Please output the lines from the one with "superbe et imposant collier" through the end of the data exactly as written, omitting all pictures.

THE DATA Block Start

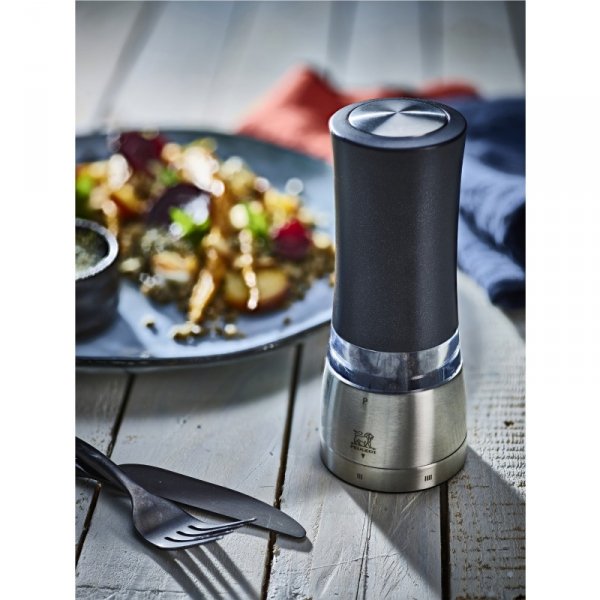 Daman Electric Młynek do Pieprzu, 16 Cm, U`select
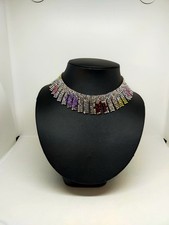 superbe et imposant collier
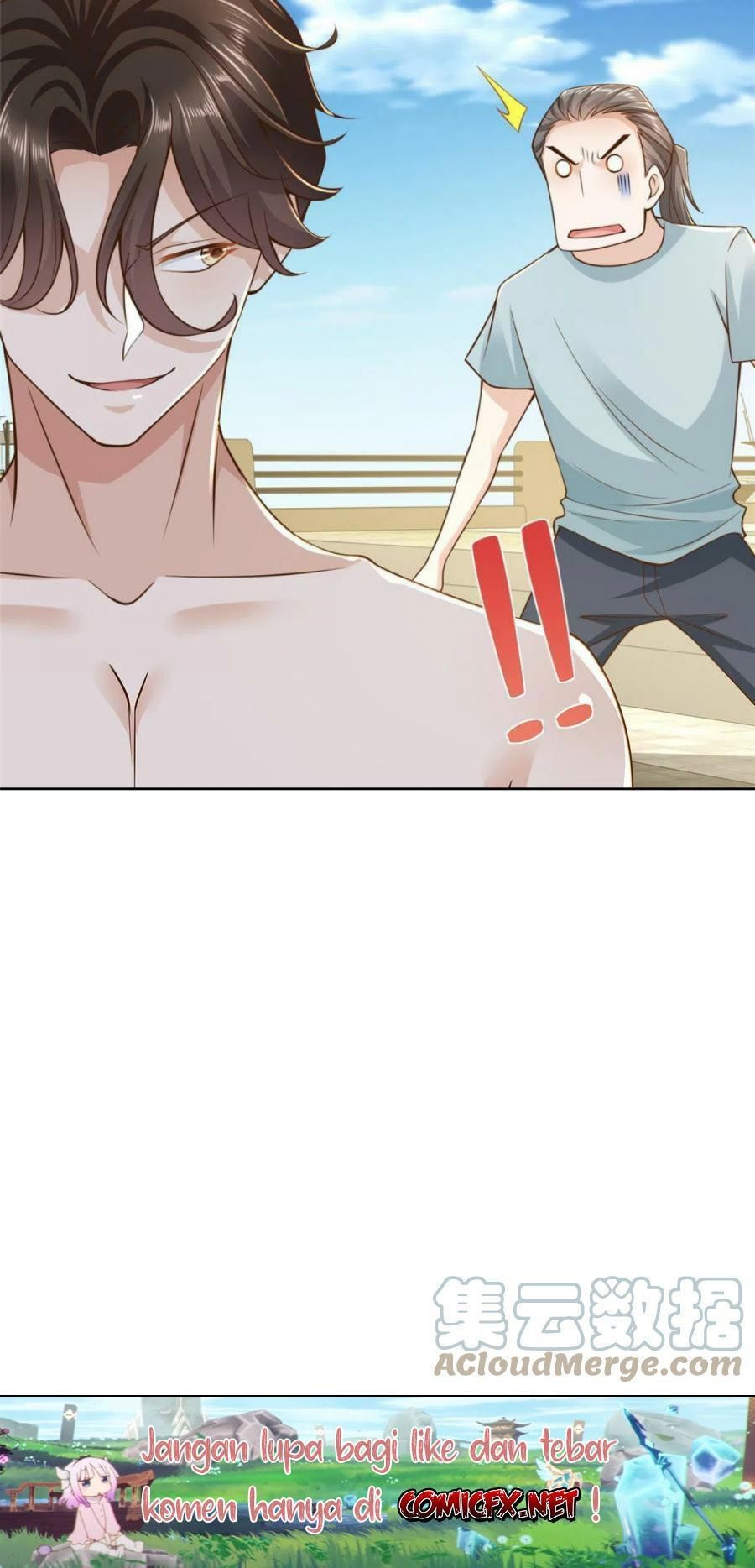I Randomly Have A New Career Every Week Chapter 179 Halaman 16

THE DATA Block End

EXPECTED ANSWER >>
 superbe et imposant collier
I Randomly Have A New Career Every Week Chapter 179 Halaman 16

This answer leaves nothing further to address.